Visando a aplicabilidade do Art. 6º da Constituição, o autor destaca que é necessário subvertemos a lógica capitalista de visão e gerenciamento do transporte, pois seguindo a estrutura já criada e implementada, o passageiro é visto enquanto um consumidor, ou seja, tem acesso ao transporte aquele que faz o pagamento, caso contrário o seu acesso é negado e com isso há um impedimento no seu deslocamento, reforçando desse jeito, a máxima do privilégio exclusivo e da liberdade individual.
Pensar na mobilidade enquanto um direito e não um serviço, requer pensar em novas formas de uso e apropriação dos espaços urbanos da cidade a partir do transporte público coletivo, isto significa pensar então em um serviço que privilegie o ganho coletivo com uma rede de transporte público eficiente e acessível. A proposta apresentada por Santini (2019) é do passe livre ou tarifa zero, como sendo o instrumento que prevê o uso do transporte coletivo sem a cobrança direta, isto é, não se trata de um transporte público gratuito, porque apesar de não haver cobranças diretas, há custos, pois, o transporte é pago indiretamente pelo conjunto da sociedade segundo regras de pagamento e captação de recursos, que são revertidos para custear.
Dessa forma, o transporte público coletivo por passe livre, deve ser entendido como um bem coletivo, que beneficiará as pessoas que farão uso direto e aquelas que não, pois a lógica que visa a ser construída é que com um transporte público coletivo eficiente, articulado, integrado com outros modais de transporte, consiga primeiro democratizar o acesso, os espaços da cidade e consequentemente diminuir o número de carros nas vias.
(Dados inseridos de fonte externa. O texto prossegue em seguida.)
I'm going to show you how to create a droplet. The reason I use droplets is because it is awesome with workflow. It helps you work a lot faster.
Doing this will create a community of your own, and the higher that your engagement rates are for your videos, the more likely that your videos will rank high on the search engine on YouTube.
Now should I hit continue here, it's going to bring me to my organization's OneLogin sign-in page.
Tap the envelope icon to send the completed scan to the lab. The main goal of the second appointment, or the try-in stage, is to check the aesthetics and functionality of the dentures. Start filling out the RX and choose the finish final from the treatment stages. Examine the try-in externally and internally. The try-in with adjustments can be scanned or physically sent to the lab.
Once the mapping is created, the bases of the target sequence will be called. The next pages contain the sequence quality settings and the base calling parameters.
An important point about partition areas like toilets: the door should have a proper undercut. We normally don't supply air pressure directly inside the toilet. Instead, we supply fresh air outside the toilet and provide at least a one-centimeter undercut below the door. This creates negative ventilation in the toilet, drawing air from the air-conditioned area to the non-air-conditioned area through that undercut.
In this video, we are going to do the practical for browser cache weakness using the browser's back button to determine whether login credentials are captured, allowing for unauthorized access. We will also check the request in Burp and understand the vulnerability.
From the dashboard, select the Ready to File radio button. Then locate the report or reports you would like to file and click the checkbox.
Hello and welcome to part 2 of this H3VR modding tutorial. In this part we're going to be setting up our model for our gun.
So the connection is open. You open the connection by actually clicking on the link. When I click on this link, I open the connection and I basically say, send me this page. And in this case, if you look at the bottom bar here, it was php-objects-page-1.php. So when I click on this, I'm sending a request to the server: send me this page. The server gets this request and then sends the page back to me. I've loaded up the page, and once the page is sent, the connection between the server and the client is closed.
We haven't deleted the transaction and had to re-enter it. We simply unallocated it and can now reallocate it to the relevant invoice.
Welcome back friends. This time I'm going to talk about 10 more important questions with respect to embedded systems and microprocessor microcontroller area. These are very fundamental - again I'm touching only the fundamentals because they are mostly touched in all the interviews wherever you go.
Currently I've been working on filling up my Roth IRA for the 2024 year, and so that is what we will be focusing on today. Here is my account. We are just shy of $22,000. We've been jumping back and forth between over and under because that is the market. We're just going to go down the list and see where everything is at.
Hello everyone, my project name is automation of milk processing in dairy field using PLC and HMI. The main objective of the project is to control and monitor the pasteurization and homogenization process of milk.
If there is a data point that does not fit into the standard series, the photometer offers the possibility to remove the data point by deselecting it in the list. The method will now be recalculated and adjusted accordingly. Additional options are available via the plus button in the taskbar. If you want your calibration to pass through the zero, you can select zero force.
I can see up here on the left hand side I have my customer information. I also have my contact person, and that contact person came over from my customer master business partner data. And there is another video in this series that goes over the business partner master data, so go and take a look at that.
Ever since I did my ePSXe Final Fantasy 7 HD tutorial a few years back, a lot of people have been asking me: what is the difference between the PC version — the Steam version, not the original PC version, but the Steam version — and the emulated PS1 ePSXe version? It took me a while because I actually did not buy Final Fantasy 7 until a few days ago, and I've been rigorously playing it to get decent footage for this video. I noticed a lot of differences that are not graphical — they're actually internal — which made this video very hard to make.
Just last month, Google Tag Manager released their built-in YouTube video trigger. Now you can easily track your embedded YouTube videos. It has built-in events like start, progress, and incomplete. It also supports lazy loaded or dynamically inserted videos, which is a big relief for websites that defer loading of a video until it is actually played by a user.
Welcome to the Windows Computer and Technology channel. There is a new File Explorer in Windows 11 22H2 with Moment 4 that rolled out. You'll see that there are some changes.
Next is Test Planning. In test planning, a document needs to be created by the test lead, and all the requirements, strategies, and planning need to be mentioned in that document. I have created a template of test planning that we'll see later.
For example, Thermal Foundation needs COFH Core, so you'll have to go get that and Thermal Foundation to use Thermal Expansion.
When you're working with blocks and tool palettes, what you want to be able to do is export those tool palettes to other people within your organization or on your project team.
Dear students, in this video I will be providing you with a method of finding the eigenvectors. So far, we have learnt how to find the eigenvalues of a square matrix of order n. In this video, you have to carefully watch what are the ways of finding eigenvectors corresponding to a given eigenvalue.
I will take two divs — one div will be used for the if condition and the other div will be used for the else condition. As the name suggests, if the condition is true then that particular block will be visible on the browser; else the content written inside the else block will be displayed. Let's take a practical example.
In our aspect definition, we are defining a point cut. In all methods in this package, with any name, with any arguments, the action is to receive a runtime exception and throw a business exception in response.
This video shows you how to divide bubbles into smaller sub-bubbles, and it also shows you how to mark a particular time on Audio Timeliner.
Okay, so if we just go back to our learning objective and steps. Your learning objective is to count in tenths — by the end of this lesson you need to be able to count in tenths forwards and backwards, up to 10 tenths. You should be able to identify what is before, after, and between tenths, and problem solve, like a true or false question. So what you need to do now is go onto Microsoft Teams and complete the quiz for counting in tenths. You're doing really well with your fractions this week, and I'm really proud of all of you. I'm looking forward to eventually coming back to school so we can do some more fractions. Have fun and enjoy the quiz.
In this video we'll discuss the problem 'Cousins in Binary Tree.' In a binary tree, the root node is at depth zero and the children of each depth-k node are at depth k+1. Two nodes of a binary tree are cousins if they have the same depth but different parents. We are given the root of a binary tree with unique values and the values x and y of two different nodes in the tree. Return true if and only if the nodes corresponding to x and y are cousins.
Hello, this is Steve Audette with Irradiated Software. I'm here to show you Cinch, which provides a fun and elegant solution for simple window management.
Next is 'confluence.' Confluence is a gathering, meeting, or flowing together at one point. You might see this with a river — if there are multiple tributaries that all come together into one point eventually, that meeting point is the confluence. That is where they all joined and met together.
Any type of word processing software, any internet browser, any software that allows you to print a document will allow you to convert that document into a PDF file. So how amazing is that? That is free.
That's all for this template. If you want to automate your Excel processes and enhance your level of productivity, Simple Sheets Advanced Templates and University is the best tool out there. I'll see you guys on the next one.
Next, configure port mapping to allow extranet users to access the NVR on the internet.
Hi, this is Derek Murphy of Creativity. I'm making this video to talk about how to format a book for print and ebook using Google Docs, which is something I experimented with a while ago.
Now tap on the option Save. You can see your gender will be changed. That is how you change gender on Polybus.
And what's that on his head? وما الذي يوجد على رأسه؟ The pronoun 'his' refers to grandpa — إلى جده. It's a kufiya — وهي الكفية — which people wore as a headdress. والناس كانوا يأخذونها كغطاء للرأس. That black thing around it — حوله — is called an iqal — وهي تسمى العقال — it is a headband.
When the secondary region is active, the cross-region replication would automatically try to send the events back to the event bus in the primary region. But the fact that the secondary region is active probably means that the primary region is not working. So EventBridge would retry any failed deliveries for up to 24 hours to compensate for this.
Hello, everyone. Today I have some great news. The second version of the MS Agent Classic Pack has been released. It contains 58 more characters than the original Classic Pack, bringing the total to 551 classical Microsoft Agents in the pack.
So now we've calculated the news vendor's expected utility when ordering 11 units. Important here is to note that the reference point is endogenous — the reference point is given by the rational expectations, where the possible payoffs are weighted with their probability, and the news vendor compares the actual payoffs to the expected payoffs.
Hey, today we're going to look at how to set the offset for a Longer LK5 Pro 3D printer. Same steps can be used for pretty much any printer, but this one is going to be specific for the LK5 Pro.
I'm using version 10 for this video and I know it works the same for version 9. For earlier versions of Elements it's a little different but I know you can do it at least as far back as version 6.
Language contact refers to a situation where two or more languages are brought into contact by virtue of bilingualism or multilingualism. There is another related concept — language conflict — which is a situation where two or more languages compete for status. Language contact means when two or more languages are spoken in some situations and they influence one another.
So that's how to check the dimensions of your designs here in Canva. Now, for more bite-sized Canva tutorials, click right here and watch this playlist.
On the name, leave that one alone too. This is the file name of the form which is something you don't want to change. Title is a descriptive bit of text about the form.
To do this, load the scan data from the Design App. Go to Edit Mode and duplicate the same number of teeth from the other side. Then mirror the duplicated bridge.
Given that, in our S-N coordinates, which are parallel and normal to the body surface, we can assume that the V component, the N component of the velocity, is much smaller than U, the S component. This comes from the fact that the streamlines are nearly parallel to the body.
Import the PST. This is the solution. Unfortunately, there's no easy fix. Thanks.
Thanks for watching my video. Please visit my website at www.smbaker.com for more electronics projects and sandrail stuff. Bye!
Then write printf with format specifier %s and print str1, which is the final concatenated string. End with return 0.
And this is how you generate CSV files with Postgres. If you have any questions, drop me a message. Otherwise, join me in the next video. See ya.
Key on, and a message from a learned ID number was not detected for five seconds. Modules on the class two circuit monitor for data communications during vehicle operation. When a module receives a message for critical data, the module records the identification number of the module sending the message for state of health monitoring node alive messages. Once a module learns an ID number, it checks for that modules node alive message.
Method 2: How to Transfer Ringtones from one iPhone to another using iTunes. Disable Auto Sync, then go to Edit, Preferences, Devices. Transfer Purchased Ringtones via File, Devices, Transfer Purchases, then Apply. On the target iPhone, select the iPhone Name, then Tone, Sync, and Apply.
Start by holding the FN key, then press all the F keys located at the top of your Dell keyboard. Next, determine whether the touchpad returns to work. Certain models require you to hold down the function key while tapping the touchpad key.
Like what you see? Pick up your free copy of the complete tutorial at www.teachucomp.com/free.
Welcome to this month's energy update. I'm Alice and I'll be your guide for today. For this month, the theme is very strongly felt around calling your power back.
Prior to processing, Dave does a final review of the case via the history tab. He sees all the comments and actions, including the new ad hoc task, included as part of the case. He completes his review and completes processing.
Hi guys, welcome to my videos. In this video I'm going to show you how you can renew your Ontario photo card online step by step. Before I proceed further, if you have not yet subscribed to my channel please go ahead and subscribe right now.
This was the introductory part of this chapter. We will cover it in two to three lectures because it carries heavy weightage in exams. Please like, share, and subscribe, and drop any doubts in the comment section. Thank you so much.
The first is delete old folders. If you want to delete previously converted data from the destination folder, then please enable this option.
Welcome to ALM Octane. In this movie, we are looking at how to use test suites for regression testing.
A base para adoção deste modelo encontra-se em viabilizar propostas concretas, pois um dos argumentos mais utilizados pelos opositores é que este sistema não é eficaz e sustentável financeiramente no tempo e nas grandes cidades.
Para efetivar suas ideias, Santini (2019), sumariza no capítulo onze os instrumentos que podem vir a servir de base para custear o passe livre. Entre as ideias, temos a proposta de reorganização das finalidades dos impostos, a exemplo do Imposto sobre a propriedade de veículos automotores (IPVA), Documento Único do Detran de Arrecadação (DUDA). Uma parcela da arrecadação destes impostos seria destinada a um fundo de reserva, que custearia as redes coletivas ou subsidiária a redução dos preços ou arcaria com a isenção de cobrança para o transporte público. Outra proposta seria as cobranças sobre imóveis e grandes empreendimentos. A cobrança sobre imóveis seria aplicada destinando uma parte do Imposto predial e territorial urbano (IPTU) ao fundo de reserva. Já sobre os grandes empreendimentos (Shopping Center) funcionaria como uma cobrança adicional, tendo em vista que são áreas com infraestrutura de transporte e congrega grandes fluxos de deslocamentos. Podemos ainda seguir com a proposta de extinção do auxílio de transporte pago diretamente aos funcionários e este mesmo valor ser pago diretamente a administração pública que gerenciaria através de um fundo e aplicaria este recurso ao setor de transporte público coletivo.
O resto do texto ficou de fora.